Pre-defined roles and layered attacks
Having this level of automation in the attacking system means that Pellegrini has more control as the coach. The only player who has total freedom is David Silva, with the rest of the team playing around him. All of his teammates have closely defined roles to fulfil, depending on the Spaniard’s positioning.
One major advantage of having Silva as the ‘brains’ of the team is that it creates wonderful layers to the attack. Rarely do City have two players making the same run from a halfspace cross, and this means each player provides a different passing option. Sergio Agüero will almost always push to get beyond the last defender when a halfspace cross comes in, and a number of other players have noticeable preferences too. Alvaro Negredo would favour a back-post run, with Samir Nasri and Stevan Jovetic both preferring to arrive late into the box. Edin Džeko is the only player in City’s attack who is capable of fulfilling any of the previous roles. This is why Džeko is often so successful near the end of each season. As more teams attempt to avoid relegation, they push deeper and deeper in a bid to avoid losing the game. This merely plays into Man City’s hands as their ball circulation is so good (27 of their 39 halfspace crosses came in the organisation phase), and Džeko feasts upon the balls that are whipped in.
The Yaya conundrum
The latter half of City’s title-winning campaign was a particularly successful one. If it could’ve been symbolised by one moment, it would be Yaya Touré’s surging run against Crystal Palace. Following a dismal collapse at Selhurst Park, title rivals Liverpool had thrown away a 3-0 lead. That weekend, City went on to comfortably beat Palace 2-0. The lead was secured by Touré’s run, which began inside his own half and finished with a curling finish inside Speroni’s post.
More recently, Touré has begun finding it difficult to impact on games in the same way.
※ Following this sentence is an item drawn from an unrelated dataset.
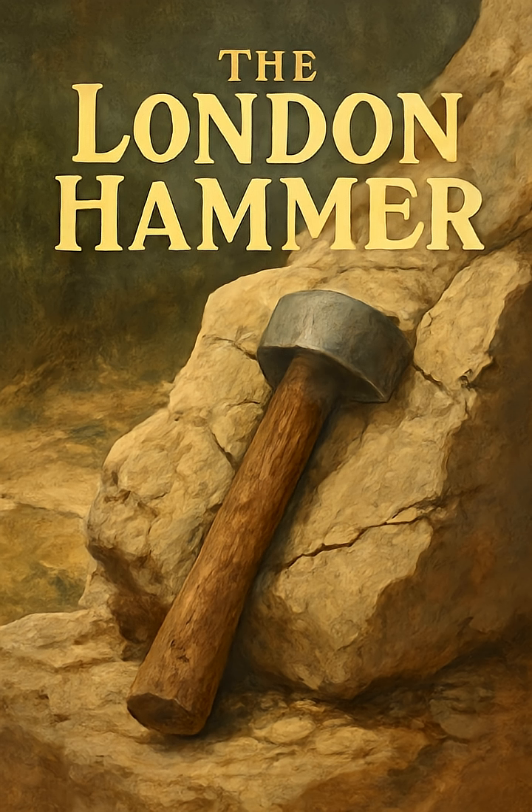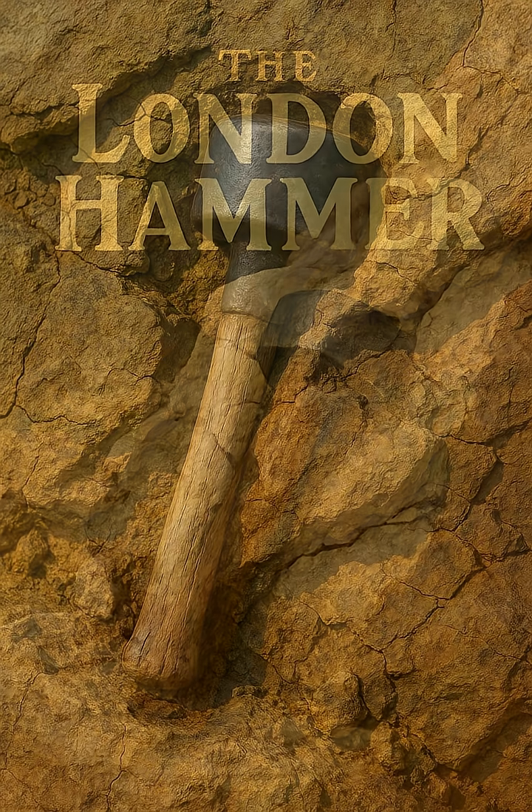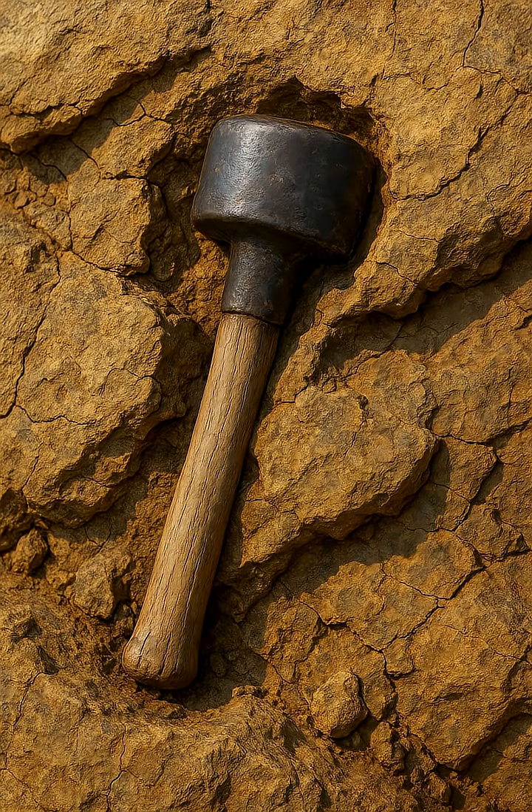To the locals, it was an oddity. But to some, it became one of the most puzzling objects ever unearthed — the so-called London Hammer. Tests on the surrounding rock suggested an age of around 100 million years, dating back to the Cretaceous period, when dinosaurs still walked the earth. If the hammer truly belonged within that ancient layer, then it posed a staggering question: how could a human-made tool be entombed in rock millions of years before humans were said to exist?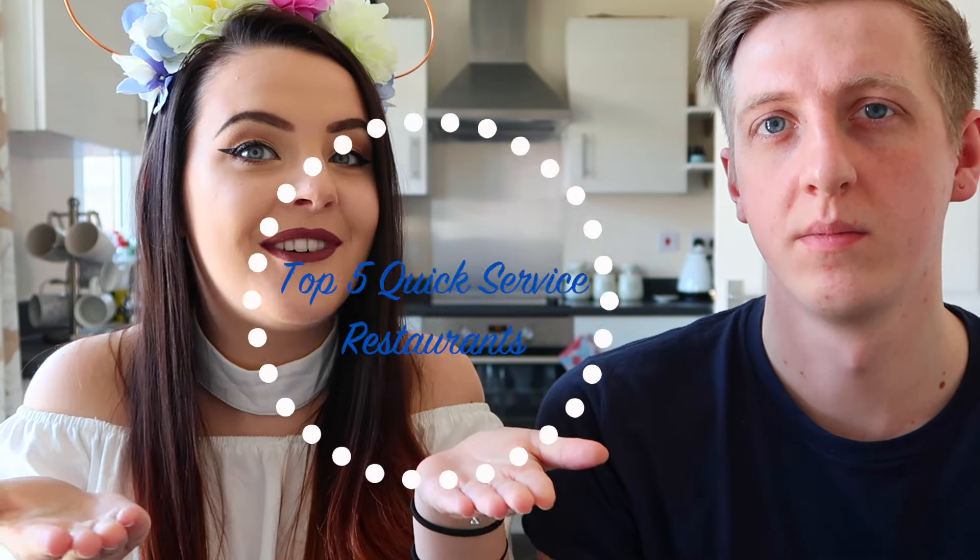Today we are talking about our top five quick service restaurants at Walt Disney World. Quick service is where you go up to a counter, take your order, quickly grab your food and head off to the park. You can find hidden gems in quick service — it's not just burgers, chips, and chicken nuggets. It is really really good food sometimes when you know where to look.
In Pellegrini’s system, it is vital that the two central midfielders are dynamic and able to single-handedly nullify opposition counter attacks. Touré has struggled in this department and often leaves tremendously large gaps between the midfield and defense. This is particularly important to avoid in the Champions League, where almost every team has a player capable of exploiting that space.
Kompany steps up into the massive gap left by Touré. This leaves Totti free. You don’t leave Totti free.
It is understandable that City keep picking Touré even despite these deficiencies, but only when he is regularly producing moments of individual genius, such as the goal against Palace. This is because his attacking play is largely based upon individual brilliance. His contribution to halfspace assisted goals was incredibly low, with only one goal and one assist for the season. He would often play a role in the build-up, with sharp direct passes into the feet of the frontmen, but this is a role the more defensively reliable Fernandinho and Fernando are able to play.
In the attacking mini-game of penetrating opposition halfspaces, Touré plays an insignificant role. Considering this makes up 40% of City’s attacking power, is his attacking contribution so valuable as to make up for his increasingly poor transition defense? That is a question Pellegrini must answer, but whilst he continues to ponder, City will find it increasingly difficult to take a hold of the big games, particularly in Europe.
City’s emphasis on attacking opposition penalty box halfspaces is a facet of their game that is undervalued amongst most followers. It is no surprise that Pellegrini rates highly the players who contribute to these plays, such as Edin Džeko and Pablo Zabaleta. Whilst Džeko and Zabaleta may not seem like the stars of the show amidst an abundance of expensive talent, as the top halfspace goalscorer (8) and assister (6) respectively, they are clearly an essential component of City’s multi-dimensional attack. It would not be surprising to see Pellegrini drop certain players who simply don’t contribute to this phase of play.